Scraped caption text data
------------------------------------------------------------------------

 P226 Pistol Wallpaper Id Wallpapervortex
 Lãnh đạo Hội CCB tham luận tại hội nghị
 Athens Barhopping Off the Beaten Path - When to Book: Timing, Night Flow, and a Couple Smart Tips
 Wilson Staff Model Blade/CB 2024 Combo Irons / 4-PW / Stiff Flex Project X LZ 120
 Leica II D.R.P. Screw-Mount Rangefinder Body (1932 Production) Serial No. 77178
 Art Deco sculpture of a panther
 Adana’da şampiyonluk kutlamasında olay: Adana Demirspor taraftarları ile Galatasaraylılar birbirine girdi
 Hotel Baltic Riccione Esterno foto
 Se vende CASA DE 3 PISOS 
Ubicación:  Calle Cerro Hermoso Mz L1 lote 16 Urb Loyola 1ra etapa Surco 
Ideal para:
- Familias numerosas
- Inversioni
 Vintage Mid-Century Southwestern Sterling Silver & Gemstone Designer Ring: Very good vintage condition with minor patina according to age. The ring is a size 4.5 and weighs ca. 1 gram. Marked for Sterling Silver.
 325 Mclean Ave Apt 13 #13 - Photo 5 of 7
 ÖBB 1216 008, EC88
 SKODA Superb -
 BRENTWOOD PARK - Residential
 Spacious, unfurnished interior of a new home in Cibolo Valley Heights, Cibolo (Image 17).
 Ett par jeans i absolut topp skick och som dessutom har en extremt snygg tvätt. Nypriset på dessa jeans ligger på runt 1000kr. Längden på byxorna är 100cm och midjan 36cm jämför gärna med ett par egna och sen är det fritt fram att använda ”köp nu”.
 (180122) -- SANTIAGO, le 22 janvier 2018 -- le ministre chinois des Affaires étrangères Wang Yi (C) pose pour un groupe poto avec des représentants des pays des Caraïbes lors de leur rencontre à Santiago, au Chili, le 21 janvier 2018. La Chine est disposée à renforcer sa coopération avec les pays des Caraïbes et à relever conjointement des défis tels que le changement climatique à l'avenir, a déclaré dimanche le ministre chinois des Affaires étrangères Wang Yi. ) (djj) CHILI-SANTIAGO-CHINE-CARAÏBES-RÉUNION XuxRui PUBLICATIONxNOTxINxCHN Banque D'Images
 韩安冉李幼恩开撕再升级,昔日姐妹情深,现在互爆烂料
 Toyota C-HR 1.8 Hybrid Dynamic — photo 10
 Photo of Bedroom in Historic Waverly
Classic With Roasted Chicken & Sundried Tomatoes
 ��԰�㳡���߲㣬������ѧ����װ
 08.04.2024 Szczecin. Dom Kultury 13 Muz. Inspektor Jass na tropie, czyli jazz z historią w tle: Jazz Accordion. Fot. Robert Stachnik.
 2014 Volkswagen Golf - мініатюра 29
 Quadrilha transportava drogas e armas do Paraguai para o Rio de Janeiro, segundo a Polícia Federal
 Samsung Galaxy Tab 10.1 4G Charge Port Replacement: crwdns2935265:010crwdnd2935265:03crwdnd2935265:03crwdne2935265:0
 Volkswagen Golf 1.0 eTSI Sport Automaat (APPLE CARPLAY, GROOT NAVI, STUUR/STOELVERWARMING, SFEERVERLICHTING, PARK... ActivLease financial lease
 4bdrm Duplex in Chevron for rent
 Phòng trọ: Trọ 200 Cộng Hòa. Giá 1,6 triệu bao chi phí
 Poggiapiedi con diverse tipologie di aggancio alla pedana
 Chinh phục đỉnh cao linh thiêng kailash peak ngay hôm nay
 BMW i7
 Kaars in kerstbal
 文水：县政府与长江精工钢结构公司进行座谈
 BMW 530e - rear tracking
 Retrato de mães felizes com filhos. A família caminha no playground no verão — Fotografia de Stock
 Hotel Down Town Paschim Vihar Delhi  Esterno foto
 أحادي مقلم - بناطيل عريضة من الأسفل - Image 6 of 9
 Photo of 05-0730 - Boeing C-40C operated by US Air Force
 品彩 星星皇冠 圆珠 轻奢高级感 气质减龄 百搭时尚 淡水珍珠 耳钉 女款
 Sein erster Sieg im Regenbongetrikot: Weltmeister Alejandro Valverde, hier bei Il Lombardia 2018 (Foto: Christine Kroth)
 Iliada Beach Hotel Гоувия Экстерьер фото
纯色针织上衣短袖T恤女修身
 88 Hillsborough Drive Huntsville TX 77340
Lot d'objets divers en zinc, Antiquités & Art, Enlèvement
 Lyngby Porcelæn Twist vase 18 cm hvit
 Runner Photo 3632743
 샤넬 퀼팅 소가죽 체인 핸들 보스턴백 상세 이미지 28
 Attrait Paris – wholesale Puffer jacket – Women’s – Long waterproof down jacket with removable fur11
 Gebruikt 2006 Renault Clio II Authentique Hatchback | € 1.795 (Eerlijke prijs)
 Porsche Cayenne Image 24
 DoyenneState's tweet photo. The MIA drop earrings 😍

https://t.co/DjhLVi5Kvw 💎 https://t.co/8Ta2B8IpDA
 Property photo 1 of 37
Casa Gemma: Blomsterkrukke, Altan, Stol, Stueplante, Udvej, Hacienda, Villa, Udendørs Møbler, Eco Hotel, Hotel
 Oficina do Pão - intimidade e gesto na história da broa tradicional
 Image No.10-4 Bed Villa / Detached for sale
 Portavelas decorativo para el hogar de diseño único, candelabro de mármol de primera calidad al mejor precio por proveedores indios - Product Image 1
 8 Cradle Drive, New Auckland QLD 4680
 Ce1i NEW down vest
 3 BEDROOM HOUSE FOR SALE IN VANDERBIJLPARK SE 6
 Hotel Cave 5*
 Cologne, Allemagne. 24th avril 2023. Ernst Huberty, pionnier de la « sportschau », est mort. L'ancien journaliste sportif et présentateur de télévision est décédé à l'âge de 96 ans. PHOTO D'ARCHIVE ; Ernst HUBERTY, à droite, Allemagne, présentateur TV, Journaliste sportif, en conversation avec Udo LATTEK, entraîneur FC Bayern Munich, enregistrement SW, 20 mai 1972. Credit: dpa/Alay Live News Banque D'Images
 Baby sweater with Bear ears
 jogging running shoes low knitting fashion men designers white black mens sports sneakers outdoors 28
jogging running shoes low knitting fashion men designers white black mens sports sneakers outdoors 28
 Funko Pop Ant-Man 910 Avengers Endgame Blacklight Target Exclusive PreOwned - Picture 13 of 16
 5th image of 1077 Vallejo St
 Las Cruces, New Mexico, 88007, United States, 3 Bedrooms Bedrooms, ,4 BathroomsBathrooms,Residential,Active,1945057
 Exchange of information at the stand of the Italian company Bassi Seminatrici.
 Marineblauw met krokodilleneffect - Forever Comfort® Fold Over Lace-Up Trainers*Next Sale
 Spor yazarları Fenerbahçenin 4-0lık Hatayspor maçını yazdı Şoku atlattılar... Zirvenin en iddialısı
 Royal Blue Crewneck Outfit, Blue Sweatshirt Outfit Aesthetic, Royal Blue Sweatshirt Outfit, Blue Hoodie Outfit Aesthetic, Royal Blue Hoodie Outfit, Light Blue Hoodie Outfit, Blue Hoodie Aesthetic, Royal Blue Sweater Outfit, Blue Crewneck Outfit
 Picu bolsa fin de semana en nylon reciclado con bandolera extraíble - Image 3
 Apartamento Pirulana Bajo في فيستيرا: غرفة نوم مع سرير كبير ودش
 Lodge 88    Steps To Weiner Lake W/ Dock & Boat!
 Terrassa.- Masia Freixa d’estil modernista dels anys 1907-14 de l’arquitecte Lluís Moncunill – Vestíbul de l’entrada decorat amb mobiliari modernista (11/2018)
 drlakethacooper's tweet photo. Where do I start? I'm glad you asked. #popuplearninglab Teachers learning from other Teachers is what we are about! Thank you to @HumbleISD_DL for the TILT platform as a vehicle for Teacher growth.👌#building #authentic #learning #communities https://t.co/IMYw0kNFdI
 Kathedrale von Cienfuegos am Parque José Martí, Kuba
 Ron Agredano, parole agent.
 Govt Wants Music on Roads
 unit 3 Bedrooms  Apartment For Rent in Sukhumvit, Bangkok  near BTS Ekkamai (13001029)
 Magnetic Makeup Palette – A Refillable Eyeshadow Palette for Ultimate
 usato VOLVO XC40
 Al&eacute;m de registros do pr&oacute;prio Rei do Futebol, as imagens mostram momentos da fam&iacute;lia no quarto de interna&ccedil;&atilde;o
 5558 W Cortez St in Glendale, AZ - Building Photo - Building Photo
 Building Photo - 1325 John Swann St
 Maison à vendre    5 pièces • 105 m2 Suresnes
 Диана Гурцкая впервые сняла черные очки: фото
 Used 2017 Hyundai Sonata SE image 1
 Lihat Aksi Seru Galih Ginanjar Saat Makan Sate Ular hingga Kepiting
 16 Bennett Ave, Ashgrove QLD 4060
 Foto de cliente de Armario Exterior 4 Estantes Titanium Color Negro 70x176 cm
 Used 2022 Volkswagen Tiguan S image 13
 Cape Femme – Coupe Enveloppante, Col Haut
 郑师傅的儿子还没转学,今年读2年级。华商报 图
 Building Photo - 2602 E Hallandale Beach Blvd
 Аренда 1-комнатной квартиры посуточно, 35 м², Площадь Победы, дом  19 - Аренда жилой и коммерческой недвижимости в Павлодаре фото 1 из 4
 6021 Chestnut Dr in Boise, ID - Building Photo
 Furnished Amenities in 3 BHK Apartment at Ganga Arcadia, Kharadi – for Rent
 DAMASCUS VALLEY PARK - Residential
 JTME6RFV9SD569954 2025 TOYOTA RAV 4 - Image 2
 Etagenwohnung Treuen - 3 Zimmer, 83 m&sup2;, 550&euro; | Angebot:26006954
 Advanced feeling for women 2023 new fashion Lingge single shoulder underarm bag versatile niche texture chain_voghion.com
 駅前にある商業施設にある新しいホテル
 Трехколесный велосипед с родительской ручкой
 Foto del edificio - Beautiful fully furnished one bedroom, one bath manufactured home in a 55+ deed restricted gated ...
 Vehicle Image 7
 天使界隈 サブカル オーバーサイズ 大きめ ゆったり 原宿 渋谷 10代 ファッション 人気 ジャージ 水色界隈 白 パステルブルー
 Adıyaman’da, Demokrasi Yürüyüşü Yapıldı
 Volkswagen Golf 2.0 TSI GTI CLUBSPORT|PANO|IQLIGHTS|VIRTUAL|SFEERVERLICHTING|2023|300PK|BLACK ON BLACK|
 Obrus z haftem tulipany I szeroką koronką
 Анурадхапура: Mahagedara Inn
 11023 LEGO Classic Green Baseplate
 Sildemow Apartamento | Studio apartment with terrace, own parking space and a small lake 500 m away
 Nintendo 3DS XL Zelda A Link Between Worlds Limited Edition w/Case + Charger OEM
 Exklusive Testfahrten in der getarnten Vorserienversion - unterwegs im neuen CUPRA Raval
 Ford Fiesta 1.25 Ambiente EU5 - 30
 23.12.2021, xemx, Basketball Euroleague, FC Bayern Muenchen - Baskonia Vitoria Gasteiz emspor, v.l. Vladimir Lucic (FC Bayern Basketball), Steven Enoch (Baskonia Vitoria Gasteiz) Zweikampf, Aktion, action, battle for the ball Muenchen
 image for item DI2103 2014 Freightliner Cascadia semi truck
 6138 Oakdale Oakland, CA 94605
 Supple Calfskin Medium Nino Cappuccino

------------------------------------------------------------------------

Work order: For this exercise, repeat exactly the lines of the data above from the one with "Аренда 1-комнатной квартиры" down to the one with "Volkswagen Golf 2.0", both end lines included.

Task solution:
 Аренда 1-комнатной квартиры посуточно, 35 м², Площадь Победы, дом  19 - Аренда жилой и коммерческой недвижимости в Павлодаре фото 1 из 4
 6021 Chestnut Dr in Boise, ID - Building Photo
 Furnished Amenities in 3 BHK Apartment at Ganga Arcadia, Kharadi – for Rent
 DAMASCUS VALLEY PARK - Residential
 JTME6RFV9SD569954 2025 TOYOTA RAV 4 - Image 2
 Etagenwohnung Treuen - 3 Zimmer, 83 m&sup2;, 550&euro; | Angebot:26006954
 Advanced feeling for women 2023 new fashion Lingge single shoulder underarm bag versatile niche texture chain_voghion.com
 駅前にある商業施設にある新しいホテル
 Трехколесный велосипед с родительской ручкой
 Foto del edificio - Beautiful fully furnished one bedroom, one bath manufactured home in a 55+ deed restricted gated ...
 Vehicle Image 7
 天使界隈 サブカル オーバーサイズ 大きめ ゆったり 原宿 渋谷 10代 ファッション 人気 ジャージ 水色界隈 白 パステルブルー
 Adıyaman’da, Demokrasi Yürüyüşü Yapıldı
 Volkswagen Golf 2.0 TSI GTI CLUBSPORT|PANO|IQLIGHTS|VIRTUAL|SFEERVERLICHTING|2023|300PK|BLACK ON BLACK|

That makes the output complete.